» **Directions for this task**
Output exactly the lines from the first line of the records below through the line containing "FROM THE 7 - Single - MØB PSYCHØ", both included, leaving out any pictures.
★ ★ ★ ★
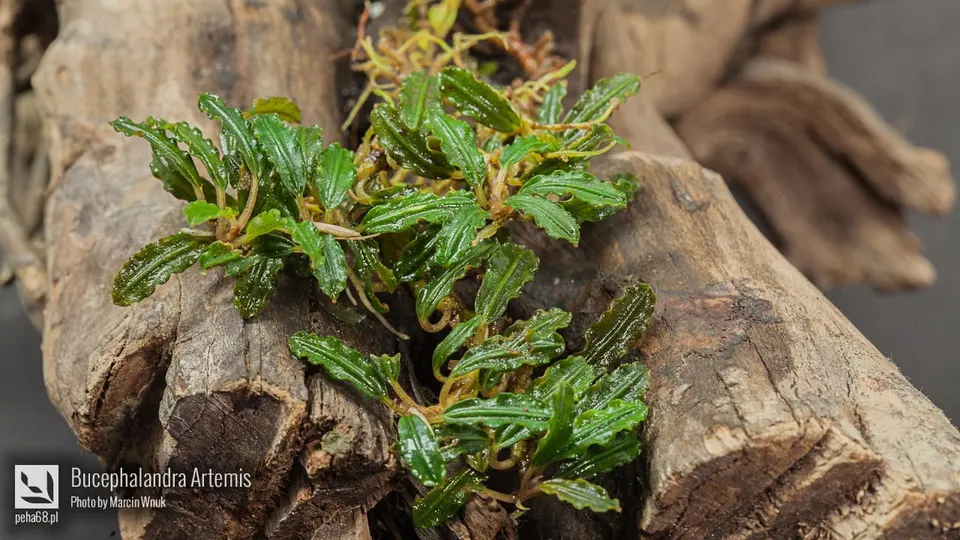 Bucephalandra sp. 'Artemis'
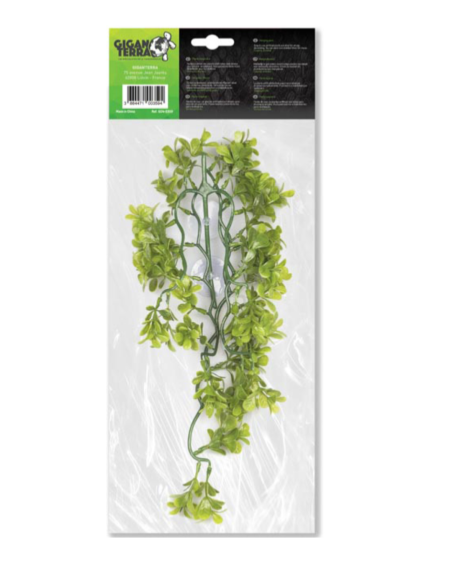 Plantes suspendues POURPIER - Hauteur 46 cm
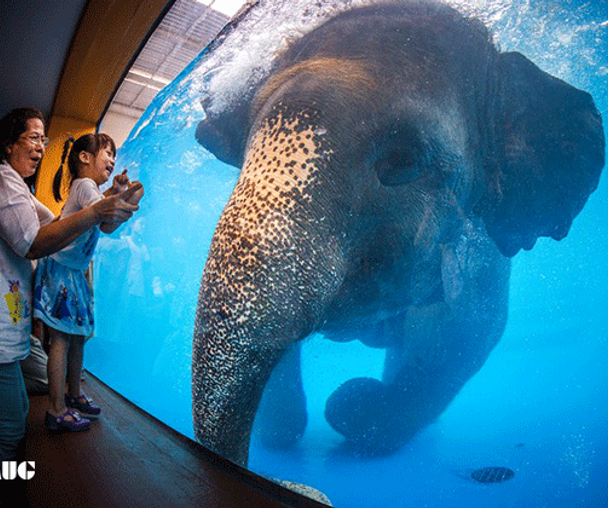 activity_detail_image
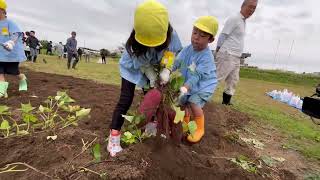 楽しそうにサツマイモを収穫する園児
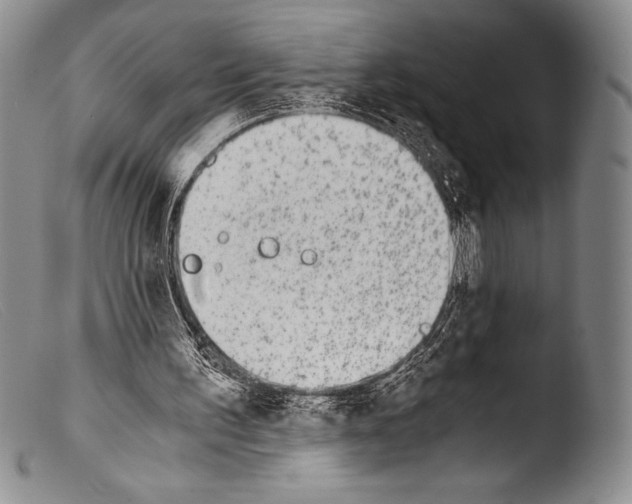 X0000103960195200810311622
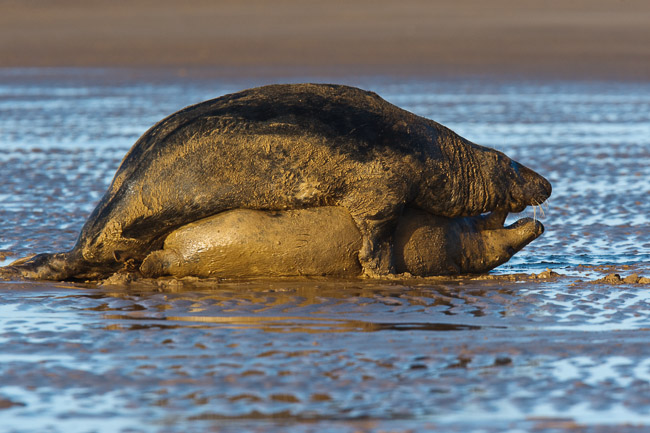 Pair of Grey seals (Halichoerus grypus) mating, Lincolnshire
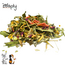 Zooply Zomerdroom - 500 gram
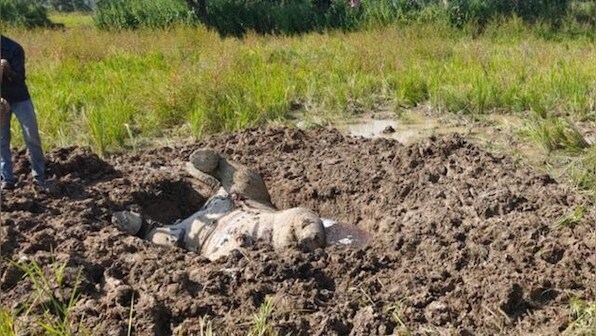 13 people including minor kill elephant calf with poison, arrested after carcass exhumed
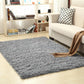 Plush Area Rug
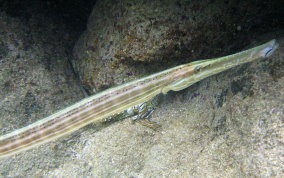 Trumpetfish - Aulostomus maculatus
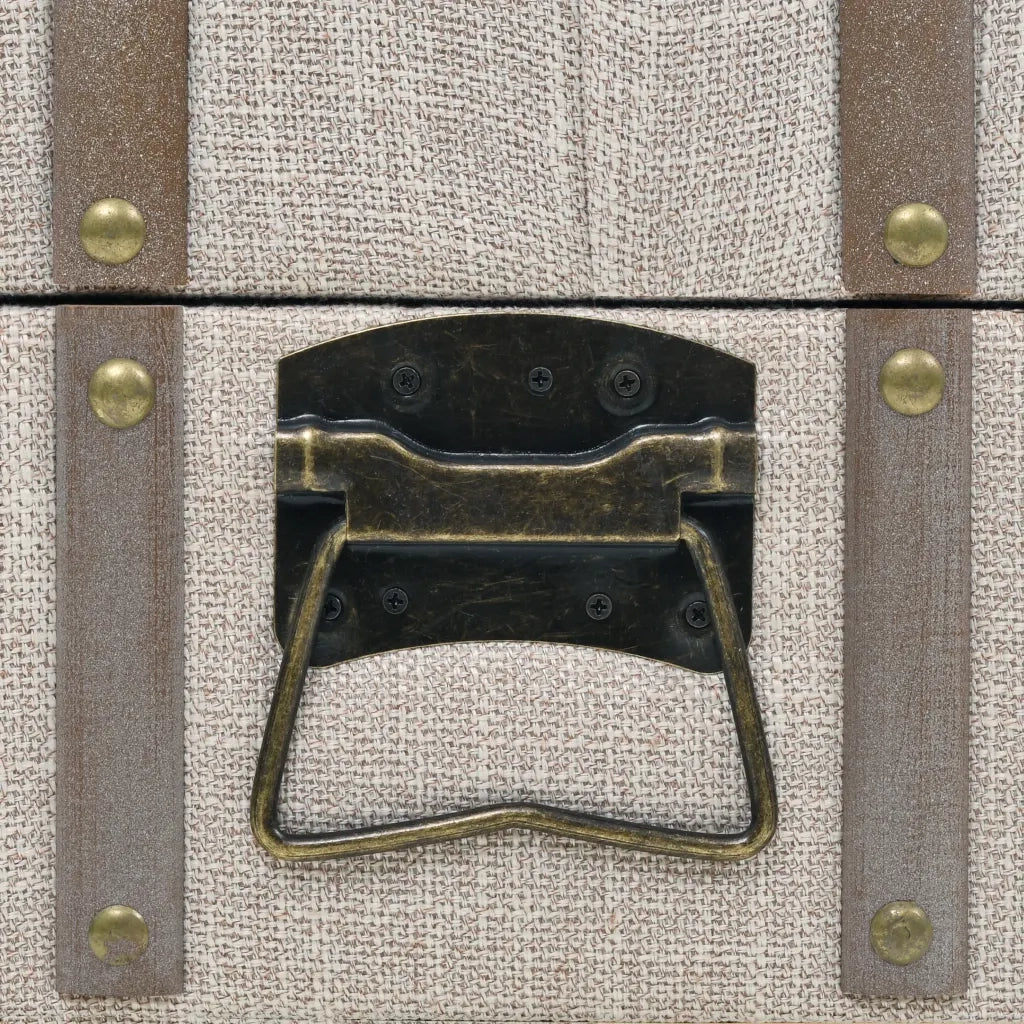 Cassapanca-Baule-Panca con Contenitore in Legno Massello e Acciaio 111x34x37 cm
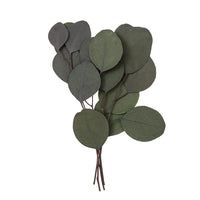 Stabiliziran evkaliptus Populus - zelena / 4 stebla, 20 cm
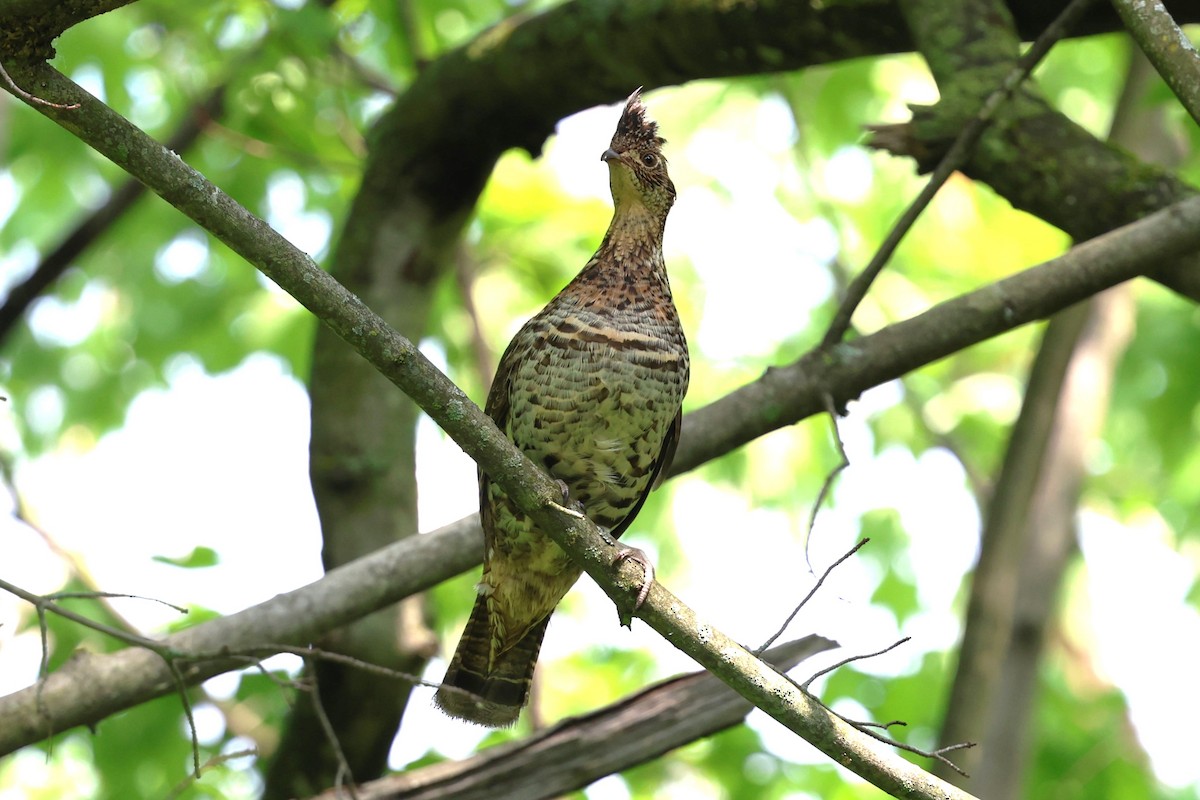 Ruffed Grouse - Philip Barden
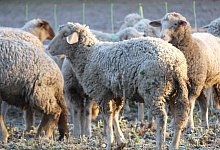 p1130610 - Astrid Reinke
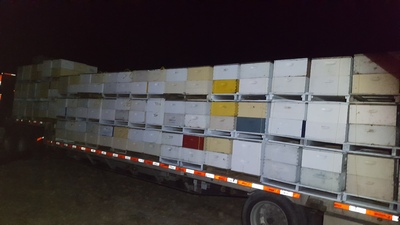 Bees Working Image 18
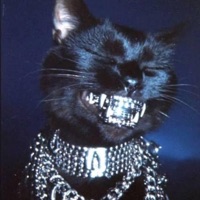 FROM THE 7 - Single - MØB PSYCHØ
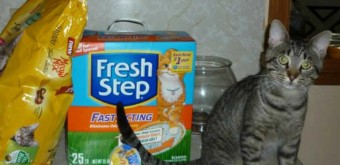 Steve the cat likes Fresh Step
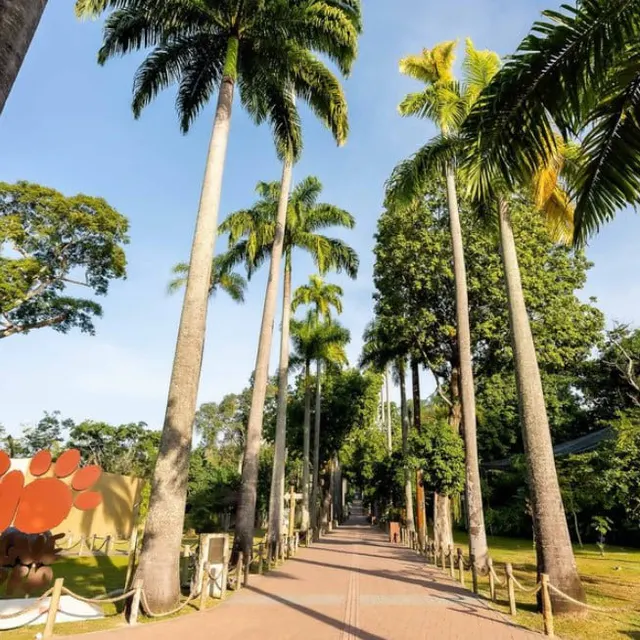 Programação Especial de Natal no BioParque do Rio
★ ★ ★ ★
» **Result for this exercise**
 Bucephalandra sp. 'Artemis'
 Plantes suspendues POURPIER - Hauteur 46 cm
 activity_detail_image
 楽しそうにサツマイモを収穫する園児
 X0000103960195200810311622
 Pair of Grey seals (Halichoerus grypus) mating, Lincolnshire
 Zooply Zomerdroom - 500 gram
 13 people including minor kill elephant calf with poison, arrested after carcass exhumed
 Plush Area Rug
 Trumpetfish - Aulostomus maculatus
 Cassapanca-Baule-Panca con Contenitore in Legno Massello e Acciaio 111x34x37 cm
 Stabiliziran evkaliptus Populus - zelena / 4 stebla, 20 cm
 Ruffed Grouse - Philip Barden
 p1130610 - Astrid Reinke
 Bees Working Image 18
 FROM THE 7 - Single - MØB PSYCHØ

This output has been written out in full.